Obergericht
Beschwerdekammer
Urteil vom 10. Januar 2019
Es wirken mit:
Oberrichter Frey
Oberrichter Müller
Gerichtsschreiberin Riechsteiner
In Sachen
A.___, vertreten durch Rechtsanwalt Sascha Schürch,
Beschwerdeführerin
Bundesamt für Justiz, Bundesrain 20, Fachbereich Auslieferung, 3003 Bern,
Beschwerdegegnerin
betreffend Vollstreckbarkeitserklärung
zieht die Beschwerdekammer des Obergerichts in Erwägung:
I.
1. A.___ wurde am 5. Dezember 2013 vom Amtsgericht [...], [...], wegen «Räuberei», begangen am 13. Mai 2013 in [...], schuldig befunden und zu einer Freiheitsstrafe von fünf Jahren verurteilt. Das Appellationsgericht [...] bestätigte mit Urteil vom 14. März 2014 den Entscheid des erstinstanzlichen Gerichts, reduzierte allerdings die Freiheitsstrafe auf drei Jahre.

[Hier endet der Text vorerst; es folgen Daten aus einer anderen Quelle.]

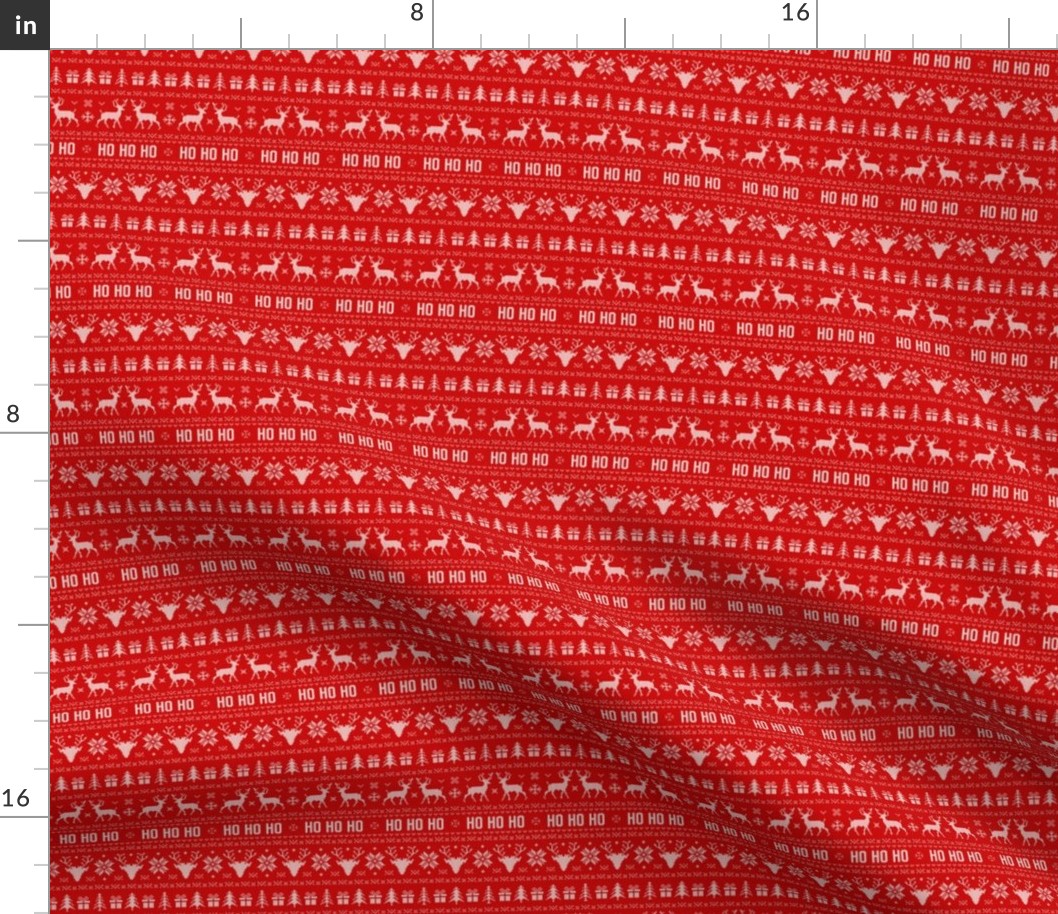 Ho Ho Ho Ugly Christmas Sweater Red - extra small scale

Gegen das zweitinstanzliche Urteil wurde kein Rechtsmittel ergriffen und es erwuchs in Rechtskraft.
2. A.___ hat Wohnsitz in [...], Kanton Solothurn, weshalb das Justizministerium der Republik [...] das Bundesamt für Justiz (nachfolgend BJ) am 16. August 2016 um Auslieferung von A.___ zwecks Vollzug dieser Freiheitsstrafe ersuchte. In der Folge wurde sie am 21. September 2016 in Auslieferungshaft versetzt (Auslieferungshaftbefehl des BJ vom 30. August 2016) und das BJ bewilligte am 7. November 2016 ihre Auslieferung nach [...]. Dagegen liess A.___ Beschwerde ans Bundesstrafgericht führen, welche teilweise gutgeheissen wurde (Entscheid des Bundesstrafgerichts vom 30. Januar 2017). Das Bundesstrafgericht machte die Auslieferung von einer förmlichen Garantieerklärung durch die […] Behörden abhängig. Hintergrund dieser Garantieerklärung war der zum damaligen Zeitpunkt rund einjährige Sohn von A.___ (B.___, geb. […] 2015). Das Bundesstrafgericht entschied, […] müsse zusichern, dass A.___ während des Strafvollzugs in einer Anstalt eingewiesen würde, welches ihr Recht auf Familienleben gemäss Art. 8 EMRK wahren würde. Da [...] keine derartige Garantieerklärung abgab, lehnte das BJ das Auslieferungsgesuch in der Folge definitiv ab.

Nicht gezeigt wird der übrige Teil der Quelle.